Exercise instructions
Copy exactly the lines of the material below that fall between the line with "Chevrolet Suburban 2025" and the line with "MICROFONE DE LAPELA TIPO-C KMF4-C", both of those lines included; pictures stay out.

Source material
§ §
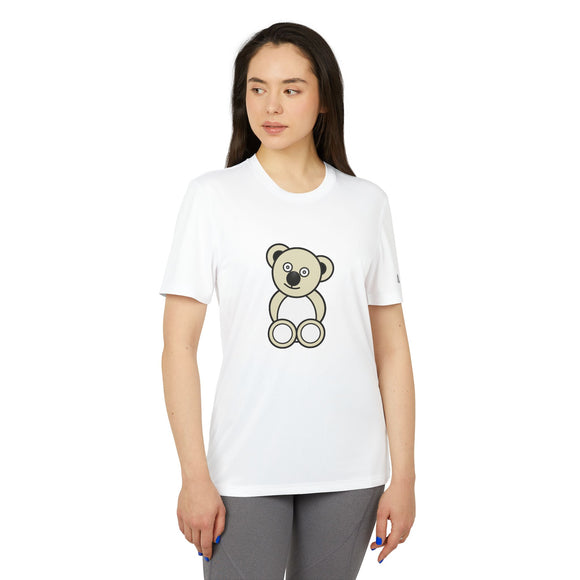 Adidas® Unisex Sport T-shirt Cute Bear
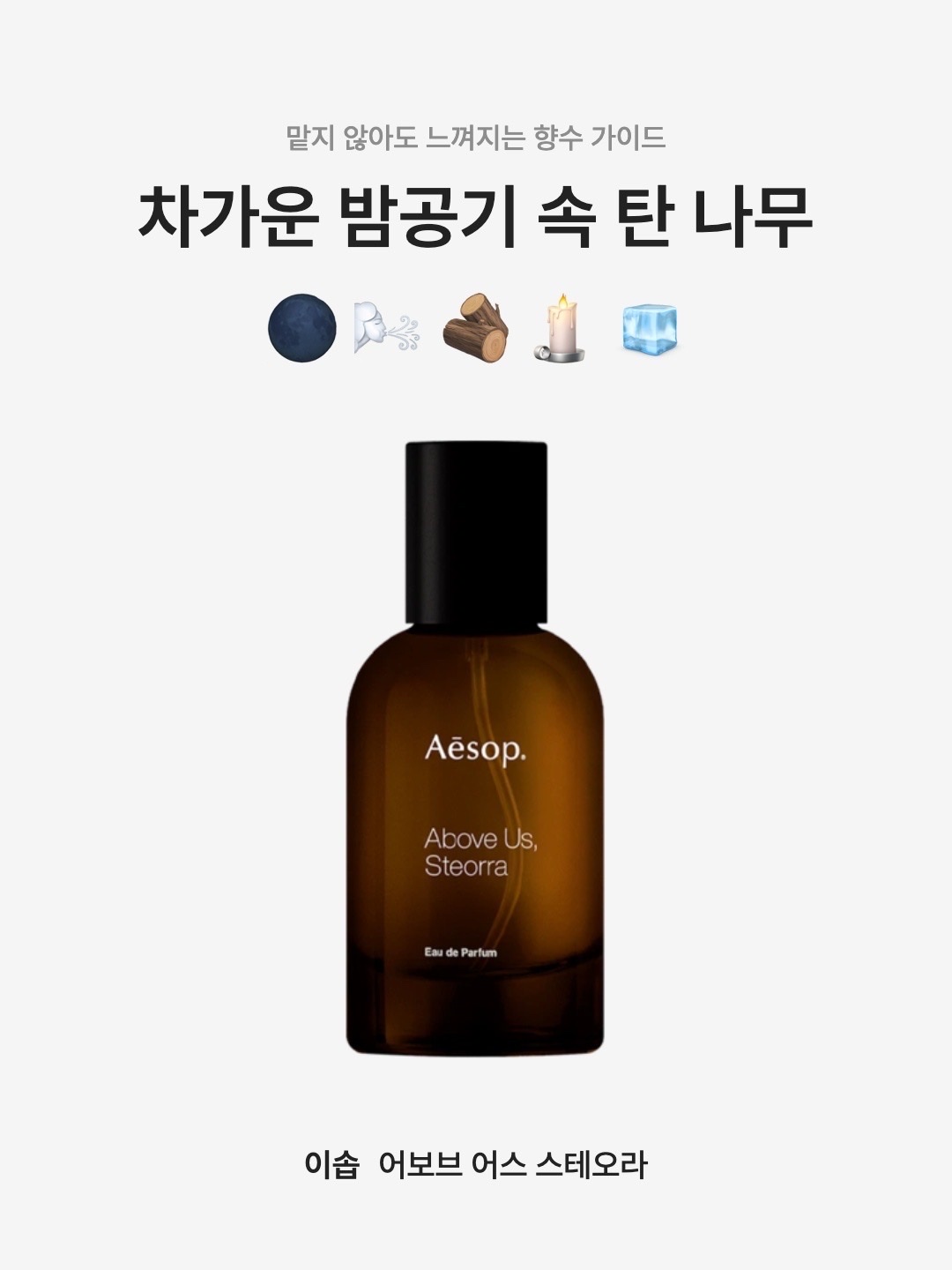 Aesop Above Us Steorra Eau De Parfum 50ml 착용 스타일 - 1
§ §
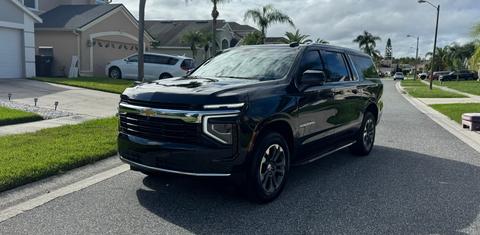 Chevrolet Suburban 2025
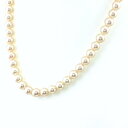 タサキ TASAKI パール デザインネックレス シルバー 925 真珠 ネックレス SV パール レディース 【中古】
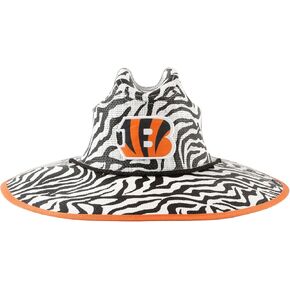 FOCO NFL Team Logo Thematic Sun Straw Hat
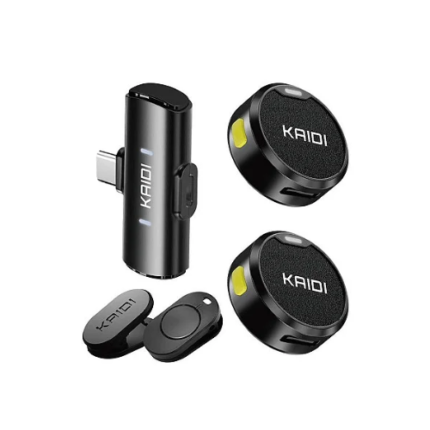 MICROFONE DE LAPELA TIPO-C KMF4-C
§ §
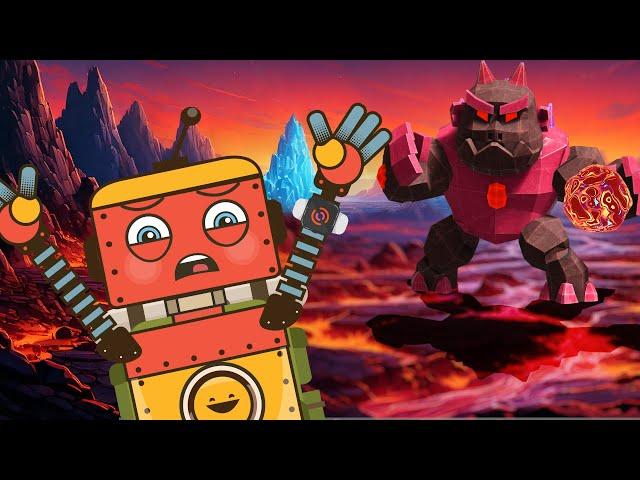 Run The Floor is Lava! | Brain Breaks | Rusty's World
§ §
Task output
 Chevrolet Suburban 2025
 タサキ TASAKI パール デザインネックレス シルバー 925 真珠 ネックレス SV パール レディース 【中古】
 FOCO NFL Team Logo Thematic Sun Straw Hat
 MICROFONE DE LAPELA TIPO-C KMF4-C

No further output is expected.